Date of Award

Fall 2025

Project Type

Dissertation

Program or Major

English

Degree Name

Doctor of Philosophy

First Advisor

James Krasner

Second Advisor

Robin Hackett

Third Advisor

Sandya Shetty

Abstract

Though the Victorian era is often viewed as “the age of female novelists,” many of the most prolific and popular women writers of the time have been belittled, ignored, and forgotten. While the feminist literary recovery work of the 1980s and 1990s has brought many of these women back into scholarly consciousness, they have still not gained the respect given to their more famous yet less prolific contemporaries: the Brontë sisters, George Eliot, and Elizabeth Gaskell.
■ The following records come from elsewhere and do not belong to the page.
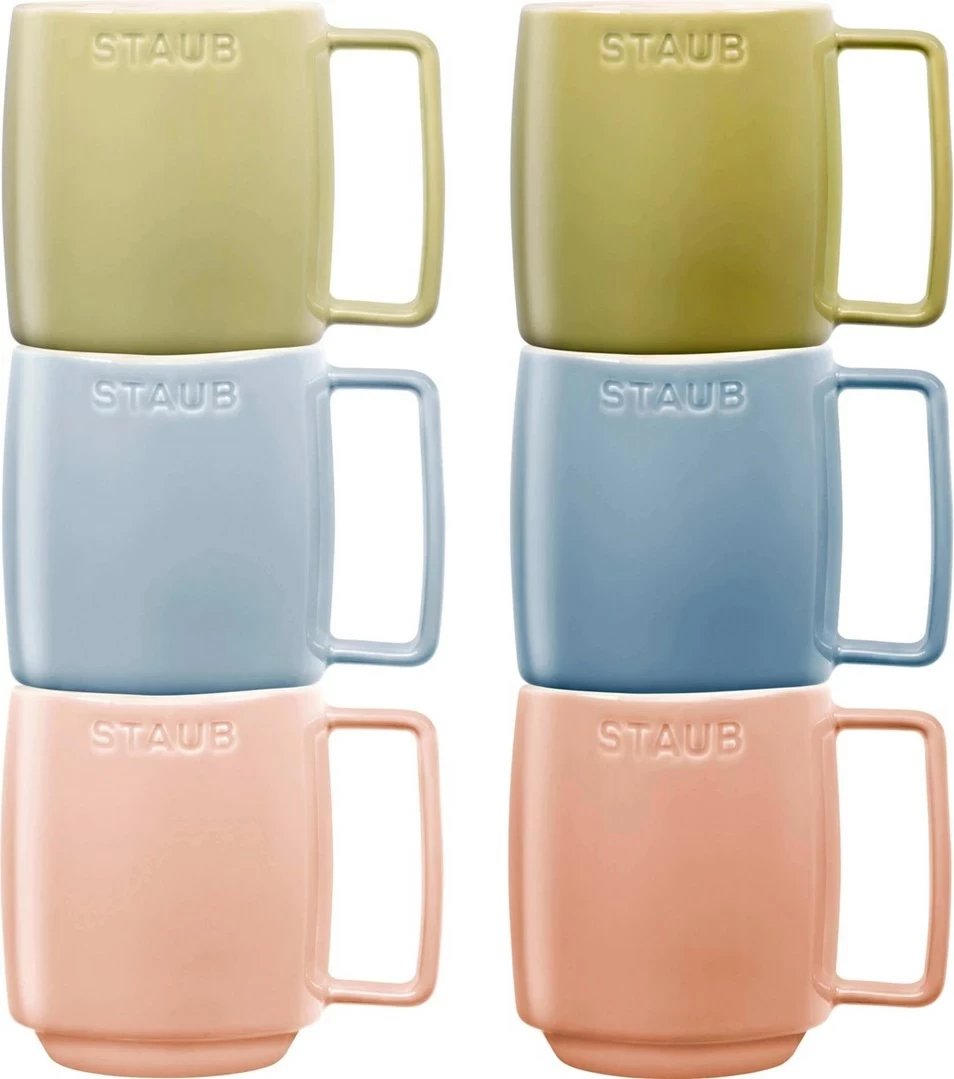 Set filxhanë qeramike STAUB 350 ml, 6 copë, shumëngjyrëshe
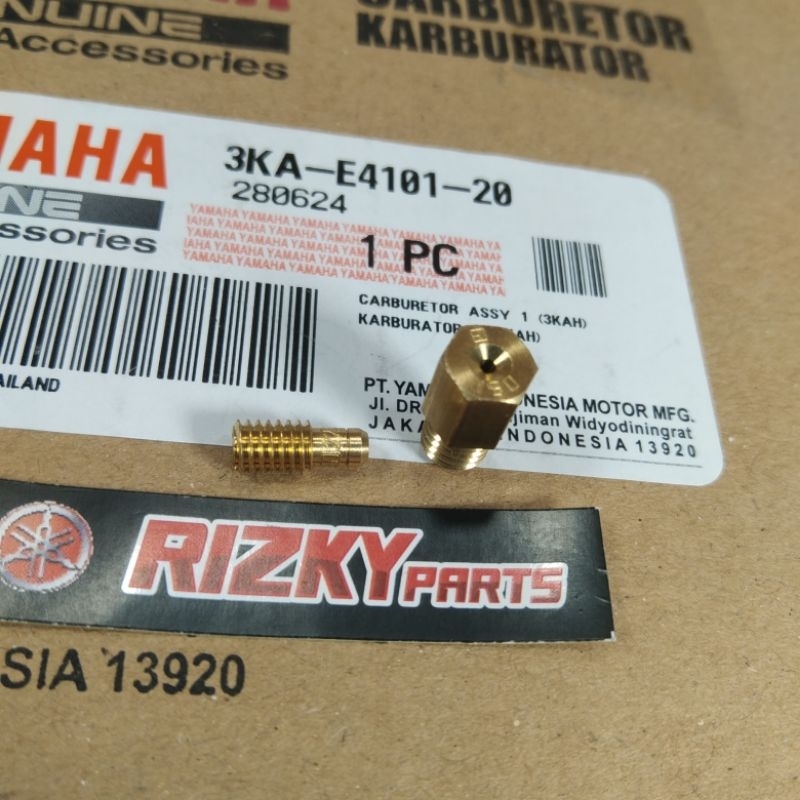 PILOT JET 22,5 MAIN JET 150 KARBU KARBURATOR RX KING ORIGINAL YAMAHA GENUINE PARTS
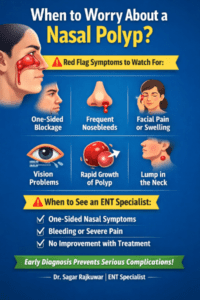 when to worry about nasal polyp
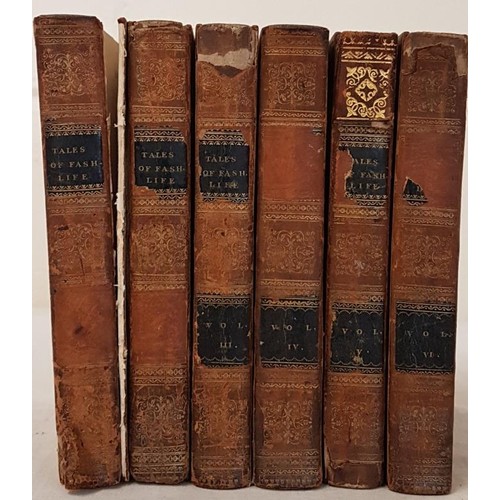 457 - Edgeworth, Maria. Tales of a Fashionable Life. In Six Volumes. London: R Hunter 1815. 6 calf bould v... 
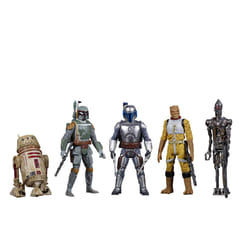 STAR WARS Celebrate The Saga Toys Bounty Hunters Figure Set  3.75-Inch-Scale Collectible Action Figure 5-Pack  Toys for Kids Ages 4 and Up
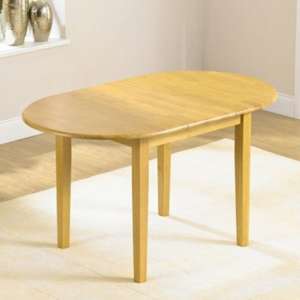 Fornox Oval Extending Wooden Dining Table In Oak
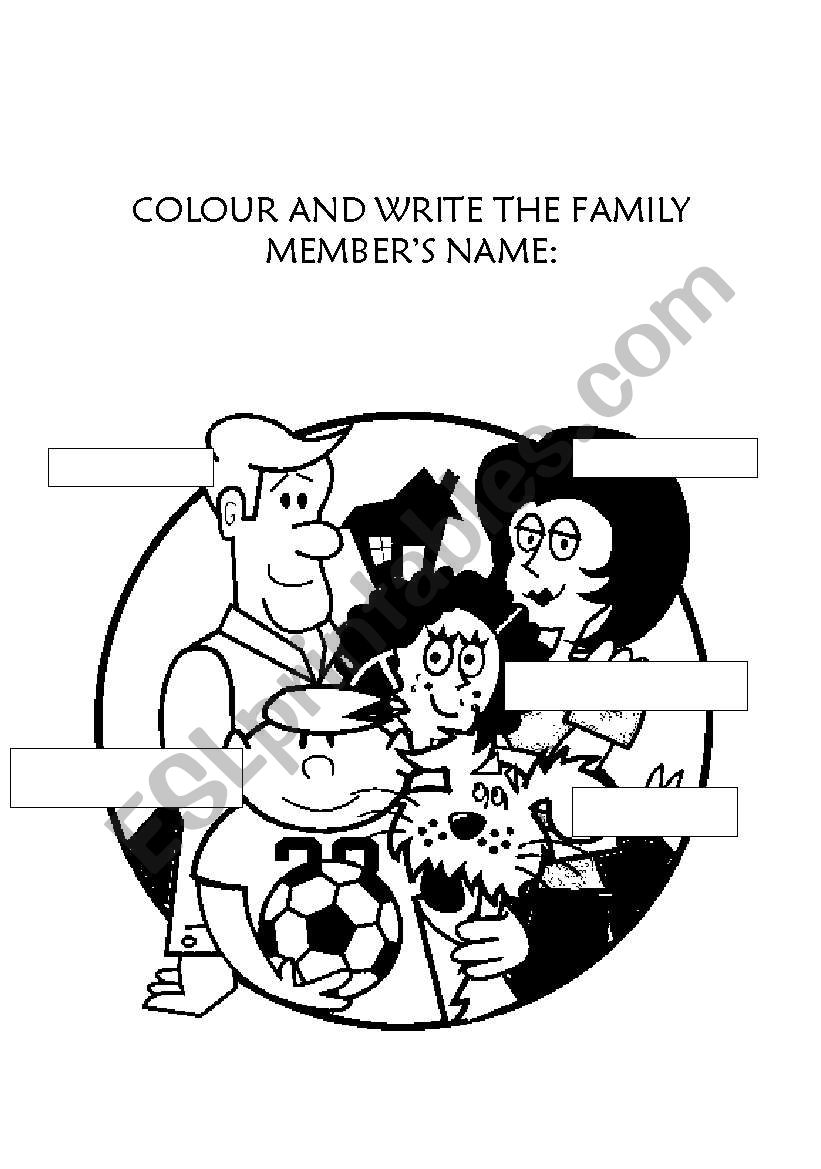 Family worksheet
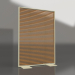 modèle 3D Cloison en bois artificiel et aluminium 120x170 (Roble golden, Gold) - preview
In this dissertation, I argue that the reason can be found in a criticism frequently applied to these women writers both in their own time and ours: “She wrote too much.” The overproduction critique rose out of Victorian biases about class and gender and encompasses three other major criticisms: the writer worked within popular genres, the writing was poor quality, and the writer wrote to make money rather than to create art. Women writers were often labelled as popular novelists writing for the lower classes while male writers were viewed as high culture novelists writing for an educated, upper-class audience. These biases have carried over into twentieth- and twenty-first-century criticism, resulting in the disparity found in the modern literary canon.My dissertation focuses on three women novelists from between the 1850s and 1880s: Margaret Oliphant, Charlotte Riddell, and Mary Elizabeth Braddon. Through close readings of their works, letters, and lives, I examine the accusations of overproduction faced by these authors, their responses to these accusations, and how these accusations have affected their reputation and canonicity over time. I also use a distant reading approach to show the overproduction critique as a systemic problem in the modern canonization of women writers. While the biases resulting in the overproduction critique began in the Victorian era, they were not left behind as time moved forward. By dismantling the overproduction critique and how it has been used to suppress Victorian women’s writing, my research asks readers to examine society’s negative attitudes toward the many modern women writers and artists who, like their nineteenth-century predecessors, are accused of writing too much.